Una crisi iniziata già da qualche anno. “Siamo costretti a subire frustrazioni e umiliazioni che non auguriamo a nessun tifoso al mondo. Anche quest’anno il presidente si è lamentato di non farcela, di essere solo e di essere stato abbandonato dalla politica e dagli imprenditori locali, ma adesso che siamo sul punto di non ritorno a chi dobbiamo chiedere spiegazioni? Chi deve dirci perché si è partiti senza una vera programmazione? Chi sono i “dirigenti” che devono metterci la faccia?”.

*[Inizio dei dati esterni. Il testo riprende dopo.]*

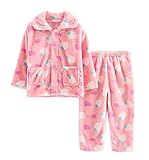 フランネルキッズパジャマソフトSleepsuitストロベリーコーラルベルベット寝間着Nightcloth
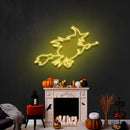The Witch Led Neon Sign Halloween Light Decor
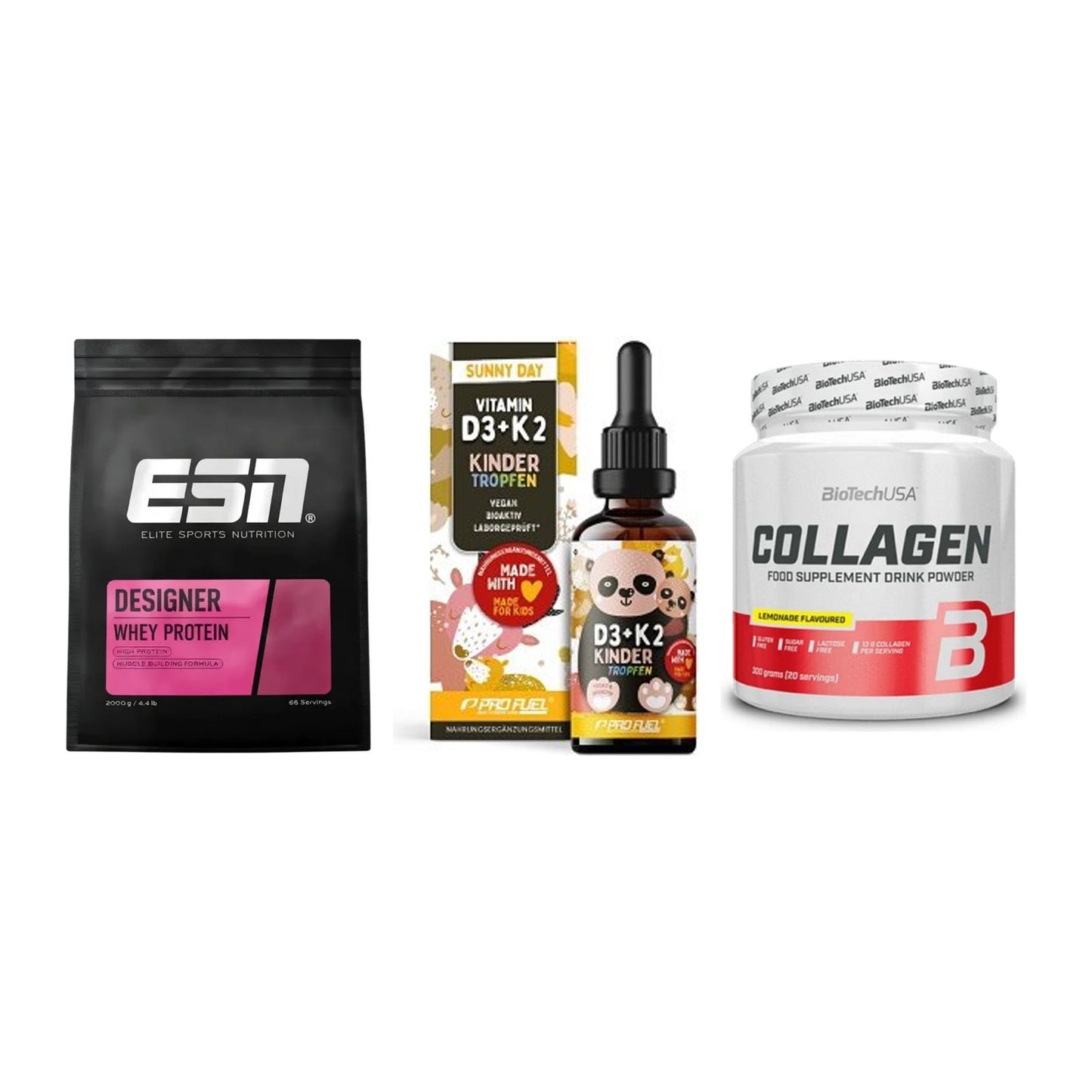 Regenerations-Set: ESN Designer + ProFuel VITAMIN + BioTech Collage – alle enthaltenen Artikel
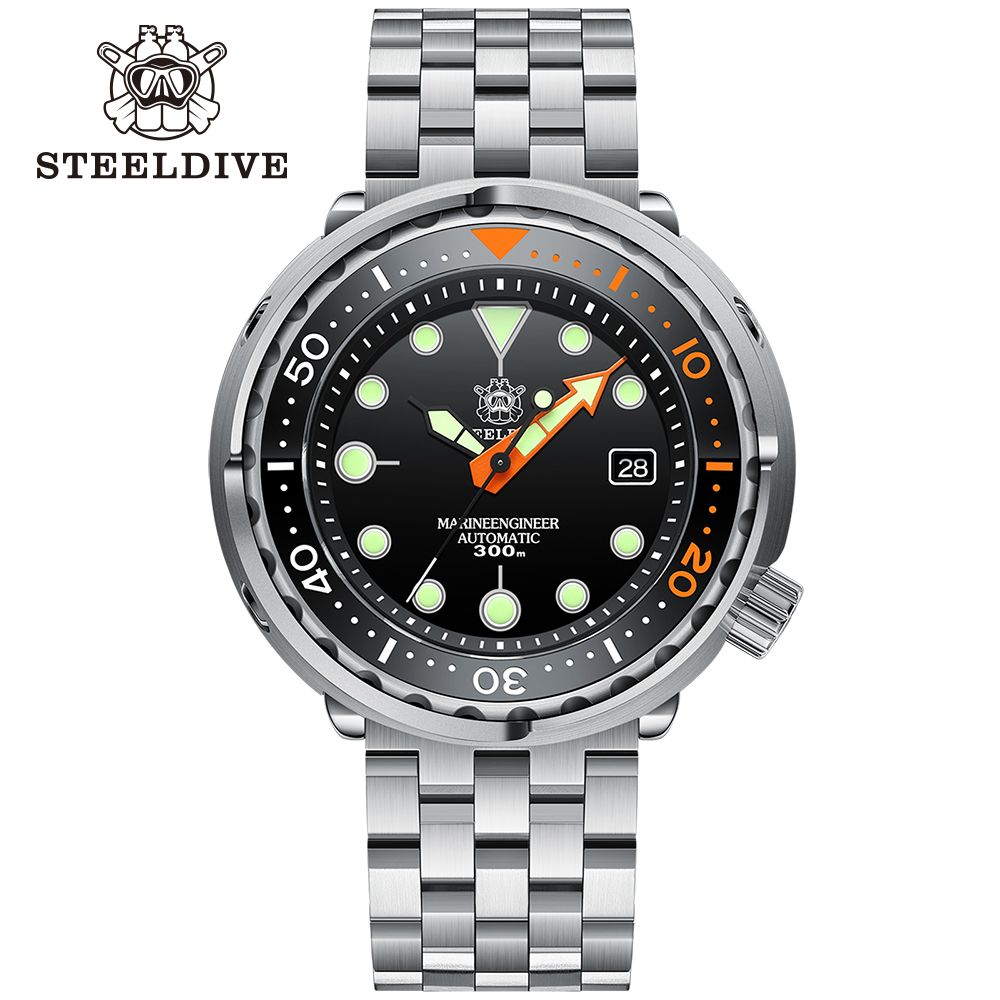Seiko Watch Prospex - STEELDIVE oficjalny SD1975C w pełni automatyczny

Anche l’avvio di campionato non è stato dei migliori, cinque sconfitte consecutive e due pareggi con Aversa e Pomigliano. “Siamo ultimi in classifica. Noi ci riteniamo ancora tali, anche se ai ragazzi che scendono in campo va tutto il nostro rispetto. Nonostante i limiti fisici e tecnici ci stanno mettendo anima e cuore. Siamo ancora ultimi perchè non abbiamo una vera società che dopo due pareggi consecutivi dovrebbe rassicurare l’ambiente e il proprio staff tecnico. Siamo ancora ultimi perché dopo il pareggio interno di domenica, tutto ancora tace, anzi le parole post-gara del direttore sportivo sono molto preoccupanti e non fanno ben sperare. Il copione sembra ormai simile a quello degli ultimi 5 anni con la differenza che quest’anno la classifica è demoralizzante, cosa che credevamo difficile con l’arrivo di pedine dal nome rassicurante arrivate in riva al golfo non certo per opera dell’attuale società capitanata da Antonio Sdanga. Infatti – aggiungono – in virtù di questa indefinibile situazione, questa Società è costretta a dipendere ormai da anni dalle promesse della politica. Promesse che non vengono mantenute. Il perché non è dato saperlo, fatto sta che gli imprenditori del posto sembrano aver dimenticato la squadra della loro città, di cui si vantano di sostenere. Il risultato è che un’intera tifoseria vede da anni mortificata la sua legittima voglia di esser fiera della propria squadra. Viene meno ormai qualsiasi aspettativa che possa accendere quell’entusiasmo che questa piazza merita. Sta così morendo lentamente l’ultimo baluardo dell’aggregazione sociale cittadina, muore così quel sentimento di appartenenza, anche tra i più giovani, che solo il calcio sa dare. Muore, sotto lo sguardo impassibile di chi ha la possibilità e non fa nulla, un pezzo di storia della città. Noi chiediamo normalità, noi chiediamo una vera Società un vero progetto calcistico. Siamo stanchi dei silenzi e delle mezze verità – concludono -. Vogliamo chiarezza”.